Stanford Libraries unearths the earliest US website

November 9, 2014 by Gabrielle Karampelas
Physicist Paul Kunz installed the first web server outside of Europe at SLAC, with the first SLAC websites added between Dec. 6 and Dec. 12, 1991. Credit: L.A. Cicero

Some of the earliest pages from the World Wide Web have been restored and are once again browsable, providing a glimpse of how the web once operated. Stanford Libraries has made these pages available with Stanford Wayback, a customized version of an open source platform that enables long-term access to archived web assets.

The first website featured in Stanford Wayback is the SLAC National Accelerator Laboratory site. Originally created in 1991, the SLAC site is the earliest known website in the United States.

"Thankfully, a handful of staff at SLAC who worked on the early web fortuitously saved the files, along with their timestamps, associated with the first and several subsequent versions of their website," said Nicholas Taylor, web archiving service manager for Stanford Libraries.

A website is born

Tim Berners-Lee was a fellow at CERN, the European particle physics laboratory, in 1989 when he developed the idea for the World Wide Web – a global network of browsable, hyperlinked documents containing multimedia content.

"I first saw a demonstration of the web at a conference in Southern France in 1991," recalled Tony Johnson, a SLAC physicist and one of the lab's web pioneers. "I immediately thought that it would be a great way of sharing information on the Internet."

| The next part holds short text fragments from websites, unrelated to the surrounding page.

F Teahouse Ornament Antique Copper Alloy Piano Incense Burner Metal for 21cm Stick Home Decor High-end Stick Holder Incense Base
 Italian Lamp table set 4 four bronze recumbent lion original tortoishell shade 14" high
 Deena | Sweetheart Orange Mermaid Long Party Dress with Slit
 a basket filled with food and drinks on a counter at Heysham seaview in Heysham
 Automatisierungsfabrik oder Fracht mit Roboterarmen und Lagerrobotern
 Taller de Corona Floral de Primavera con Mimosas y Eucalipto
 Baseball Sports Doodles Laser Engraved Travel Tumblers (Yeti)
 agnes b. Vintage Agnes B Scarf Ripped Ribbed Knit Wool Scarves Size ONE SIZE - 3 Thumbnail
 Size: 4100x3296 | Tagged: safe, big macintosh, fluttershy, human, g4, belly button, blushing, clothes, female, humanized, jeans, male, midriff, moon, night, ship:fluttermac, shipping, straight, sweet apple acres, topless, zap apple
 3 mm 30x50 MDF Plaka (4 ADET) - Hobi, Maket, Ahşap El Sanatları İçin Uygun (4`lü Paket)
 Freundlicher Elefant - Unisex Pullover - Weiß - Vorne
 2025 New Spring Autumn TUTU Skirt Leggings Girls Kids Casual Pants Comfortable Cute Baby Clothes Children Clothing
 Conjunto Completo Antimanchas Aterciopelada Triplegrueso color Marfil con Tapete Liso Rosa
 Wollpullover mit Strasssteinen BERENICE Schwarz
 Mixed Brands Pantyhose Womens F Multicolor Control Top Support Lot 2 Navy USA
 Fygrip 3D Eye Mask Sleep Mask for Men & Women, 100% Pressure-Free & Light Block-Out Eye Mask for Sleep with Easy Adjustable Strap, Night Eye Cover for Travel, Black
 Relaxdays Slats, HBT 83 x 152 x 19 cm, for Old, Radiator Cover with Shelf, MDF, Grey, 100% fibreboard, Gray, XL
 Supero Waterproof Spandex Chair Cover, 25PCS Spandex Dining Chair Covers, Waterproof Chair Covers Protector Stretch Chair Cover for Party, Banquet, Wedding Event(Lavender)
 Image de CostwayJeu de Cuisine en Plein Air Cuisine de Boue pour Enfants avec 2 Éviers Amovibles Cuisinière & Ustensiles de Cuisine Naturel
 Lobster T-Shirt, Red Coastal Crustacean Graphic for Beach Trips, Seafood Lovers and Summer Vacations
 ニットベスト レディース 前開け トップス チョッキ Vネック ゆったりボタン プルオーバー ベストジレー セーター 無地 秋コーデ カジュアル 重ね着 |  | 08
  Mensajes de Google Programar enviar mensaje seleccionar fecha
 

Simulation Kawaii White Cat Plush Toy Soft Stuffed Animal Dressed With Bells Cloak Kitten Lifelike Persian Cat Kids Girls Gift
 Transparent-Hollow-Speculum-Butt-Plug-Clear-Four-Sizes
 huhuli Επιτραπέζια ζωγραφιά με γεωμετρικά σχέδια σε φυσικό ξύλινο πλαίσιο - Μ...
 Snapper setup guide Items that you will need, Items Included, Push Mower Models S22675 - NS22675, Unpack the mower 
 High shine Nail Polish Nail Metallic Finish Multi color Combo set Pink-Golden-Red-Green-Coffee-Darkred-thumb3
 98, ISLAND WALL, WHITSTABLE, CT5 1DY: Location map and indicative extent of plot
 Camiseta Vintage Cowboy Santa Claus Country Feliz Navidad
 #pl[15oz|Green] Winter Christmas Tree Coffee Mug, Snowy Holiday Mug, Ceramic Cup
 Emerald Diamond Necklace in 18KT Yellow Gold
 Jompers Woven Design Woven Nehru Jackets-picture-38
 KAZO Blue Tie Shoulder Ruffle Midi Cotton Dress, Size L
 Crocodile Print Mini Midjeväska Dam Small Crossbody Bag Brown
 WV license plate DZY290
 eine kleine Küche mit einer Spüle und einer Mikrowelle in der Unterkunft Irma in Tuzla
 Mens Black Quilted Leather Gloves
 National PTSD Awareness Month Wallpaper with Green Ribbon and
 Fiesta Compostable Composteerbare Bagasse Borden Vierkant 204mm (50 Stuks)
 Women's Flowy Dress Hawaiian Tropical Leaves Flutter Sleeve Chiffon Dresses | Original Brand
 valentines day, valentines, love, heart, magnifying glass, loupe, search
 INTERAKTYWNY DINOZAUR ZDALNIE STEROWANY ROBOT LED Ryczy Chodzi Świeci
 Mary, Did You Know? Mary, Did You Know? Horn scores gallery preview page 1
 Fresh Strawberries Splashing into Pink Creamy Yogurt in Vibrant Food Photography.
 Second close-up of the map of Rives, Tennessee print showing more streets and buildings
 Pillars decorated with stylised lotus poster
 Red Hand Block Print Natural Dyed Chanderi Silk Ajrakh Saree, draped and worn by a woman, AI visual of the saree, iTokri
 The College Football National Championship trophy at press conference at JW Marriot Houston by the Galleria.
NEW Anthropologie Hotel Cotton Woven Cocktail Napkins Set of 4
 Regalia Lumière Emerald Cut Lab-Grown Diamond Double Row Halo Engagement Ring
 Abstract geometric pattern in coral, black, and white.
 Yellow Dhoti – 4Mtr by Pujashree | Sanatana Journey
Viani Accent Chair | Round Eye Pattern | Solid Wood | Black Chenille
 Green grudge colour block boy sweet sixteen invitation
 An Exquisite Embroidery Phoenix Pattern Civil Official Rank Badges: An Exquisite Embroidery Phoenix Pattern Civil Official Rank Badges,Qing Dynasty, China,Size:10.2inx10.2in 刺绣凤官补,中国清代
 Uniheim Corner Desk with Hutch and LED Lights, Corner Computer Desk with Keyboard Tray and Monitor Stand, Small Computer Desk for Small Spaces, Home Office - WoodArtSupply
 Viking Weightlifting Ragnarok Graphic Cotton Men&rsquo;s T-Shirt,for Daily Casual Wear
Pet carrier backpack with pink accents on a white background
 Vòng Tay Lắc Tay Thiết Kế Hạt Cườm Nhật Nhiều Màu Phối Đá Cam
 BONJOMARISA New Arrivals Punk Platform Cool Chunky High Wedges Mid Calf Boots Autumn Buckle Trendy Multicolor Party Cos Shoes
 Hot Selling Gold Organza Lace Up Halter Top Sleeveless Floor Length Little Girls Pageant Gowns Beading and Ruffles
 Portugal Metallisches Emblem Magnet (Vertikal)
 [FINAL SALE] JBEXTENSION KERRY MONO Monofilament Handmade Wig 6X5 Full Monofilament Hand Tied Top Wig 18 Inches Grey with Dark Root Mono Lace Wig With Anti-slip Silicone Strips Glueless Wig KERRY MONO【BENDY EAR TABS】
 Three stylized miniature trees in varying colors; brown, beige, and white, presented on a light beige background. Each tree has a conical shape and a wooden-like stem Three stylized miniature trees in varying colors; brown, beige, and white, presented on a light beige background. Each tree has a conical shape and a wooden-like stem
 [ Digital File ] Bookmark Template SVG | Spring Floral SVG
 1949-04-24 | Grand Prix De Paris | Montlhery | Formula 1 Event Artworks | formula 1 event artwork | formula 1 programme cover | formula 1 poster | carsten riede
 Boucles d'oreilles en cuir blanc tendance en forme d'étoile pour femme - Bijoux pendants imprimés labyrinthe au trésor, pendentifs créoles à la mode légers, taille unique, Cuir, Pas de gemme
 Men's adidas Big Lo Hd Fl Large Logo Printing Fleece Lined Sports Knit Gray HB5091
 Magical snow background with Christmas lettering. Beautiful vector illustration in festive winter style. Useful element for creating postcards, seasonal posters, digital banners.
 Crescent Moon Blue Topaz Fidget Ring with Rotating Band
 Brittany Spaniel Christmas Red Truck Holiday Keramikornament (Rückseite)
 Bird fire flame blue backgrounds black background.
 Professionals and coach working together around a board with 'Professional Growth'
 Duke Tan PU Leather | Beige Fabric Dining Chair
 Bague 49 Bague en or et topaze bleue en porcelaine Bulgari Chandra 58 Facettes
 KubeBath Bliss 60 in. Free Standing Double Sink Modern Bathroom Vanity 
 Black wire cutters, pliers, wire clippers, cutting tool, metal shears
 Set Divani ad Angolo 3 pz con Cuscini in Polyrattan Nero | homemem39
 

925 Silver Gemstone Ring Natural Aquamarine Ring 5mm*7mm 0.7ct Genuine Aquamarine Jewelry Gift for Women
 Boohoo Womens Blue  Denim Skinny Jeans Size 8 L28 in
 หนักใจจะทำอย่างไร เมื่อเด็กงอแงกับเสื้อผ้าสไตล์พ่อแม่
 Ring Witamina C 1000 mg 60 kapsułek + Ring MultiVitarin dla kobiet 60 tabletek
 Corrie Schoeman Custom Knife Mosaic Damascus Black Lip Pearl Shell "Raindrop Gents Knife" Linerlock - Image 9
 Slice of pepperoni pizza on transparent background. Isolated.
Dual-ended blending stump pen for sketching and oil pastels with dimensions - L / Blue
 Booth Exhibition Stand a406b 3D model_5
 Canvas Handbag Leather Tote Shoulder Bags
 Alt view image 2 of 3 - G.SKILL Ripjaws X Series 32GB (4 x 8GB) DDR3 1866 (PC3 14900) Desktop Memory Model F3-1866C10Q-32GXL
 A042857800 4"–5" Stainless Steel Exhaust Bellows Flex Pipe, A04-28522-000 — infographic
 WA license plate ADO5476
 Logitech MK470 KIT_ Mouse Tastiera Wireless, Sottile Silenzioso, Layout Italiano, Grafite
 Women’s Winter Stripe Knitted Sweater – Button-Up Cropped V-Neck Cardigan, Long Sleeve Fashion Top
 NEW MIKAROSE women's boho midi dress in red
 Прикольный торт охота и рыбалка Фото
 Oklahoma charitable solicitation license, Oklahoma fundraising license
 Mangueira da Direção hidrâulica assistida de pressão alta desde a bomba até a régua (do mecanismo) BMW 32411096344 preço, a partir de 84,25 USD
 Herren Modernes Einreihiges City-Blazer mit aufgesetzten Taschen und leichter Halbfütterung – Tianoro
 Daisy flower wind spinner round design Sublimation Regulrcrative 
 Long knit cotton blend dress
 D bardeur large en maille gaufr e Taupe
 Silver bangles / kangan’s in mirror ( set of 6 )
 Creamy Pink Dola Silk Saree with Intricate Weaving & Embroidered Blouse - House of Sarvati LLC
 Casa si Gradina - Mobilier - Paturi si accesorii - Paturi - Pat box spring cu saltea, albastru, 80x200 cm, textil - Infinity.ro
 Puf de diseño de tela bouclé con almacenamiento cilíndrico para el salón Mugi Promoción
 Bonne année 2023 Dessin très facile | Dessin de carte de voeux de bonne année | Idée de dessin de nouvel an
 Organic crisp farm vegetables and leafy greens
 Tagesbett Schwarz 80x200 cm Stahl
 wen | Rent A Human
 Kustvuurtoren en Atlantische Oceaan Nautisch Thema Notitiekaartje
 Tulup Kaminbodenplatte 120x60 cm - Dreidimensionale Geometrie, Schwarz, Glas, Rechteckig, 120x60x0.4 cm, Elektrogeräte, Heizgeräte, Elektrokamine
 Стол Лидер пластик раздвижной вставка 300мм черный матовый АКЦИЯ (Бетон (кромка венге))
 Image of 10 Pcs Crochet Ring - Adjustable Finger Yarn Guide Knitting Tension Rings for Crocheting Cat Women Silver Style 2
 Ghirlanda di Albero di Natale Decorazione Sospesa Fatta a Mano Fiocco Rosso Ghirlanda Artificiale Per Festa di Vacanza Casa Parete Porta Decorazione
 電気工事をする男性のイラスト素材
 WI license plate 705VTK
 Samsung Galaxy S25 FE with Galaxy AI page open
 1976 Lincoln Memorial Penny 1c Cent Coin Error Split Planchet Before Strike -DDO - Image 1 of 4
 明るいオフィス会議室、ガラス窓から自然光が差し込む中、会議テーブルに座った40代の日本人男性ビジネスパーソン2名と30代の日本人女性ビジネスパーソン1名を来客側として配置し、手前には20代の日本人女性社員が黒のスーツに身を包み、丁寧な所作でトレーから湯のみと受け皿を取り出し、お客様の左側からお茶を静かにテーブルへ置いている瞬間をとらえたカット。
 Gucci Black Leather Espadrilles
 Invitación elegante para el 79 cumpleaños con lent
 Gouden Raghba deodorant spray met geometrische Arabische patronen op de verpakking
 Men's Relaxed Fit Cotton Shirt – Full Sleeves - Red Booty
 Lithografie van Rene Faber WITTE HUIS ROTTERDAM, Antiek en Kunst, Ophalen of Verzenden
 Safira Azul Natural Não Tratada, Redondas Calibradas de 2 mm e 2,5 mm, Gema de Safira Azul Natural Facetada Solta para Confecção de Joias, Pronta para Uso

This meeting inspired physicist Paul Kunz to install the first web server outside of Europe at SLAC, with the first SLAC websites added between Dec. 6 and Dec. 12, 1991.

Stanford Wayback brings those original websites back to life as well as thousands of historical SLAC web pages and related web assets from 1991-1999. Access to early websites provides users with a snapshot of the web's evolution. "The early pages of the web may seem rudimentary and visually dull to today's user; however, they offer great insight into web history, functionality, changes and trends," Taylor said.

The Libraries chose to release the SLAC sites to coincide with the yearlong celebration of the web's 25th anniversary. Other web archives captured by the Libraries will be uploaded into Stanford Wayback in phases.

Preserving at-risk content

The release of Stanford Wayback is part of the Libraries' web archiving initiative, which aims to collect, preserve and provide access to web content that is at risk of being updated, replaced or lost. Subject specialists have been actively capturing websites, as well as social media pages, that have significant research and teaching value, including topical collections in government documents, African politics, Middle East politics, digital games and virtual worlds.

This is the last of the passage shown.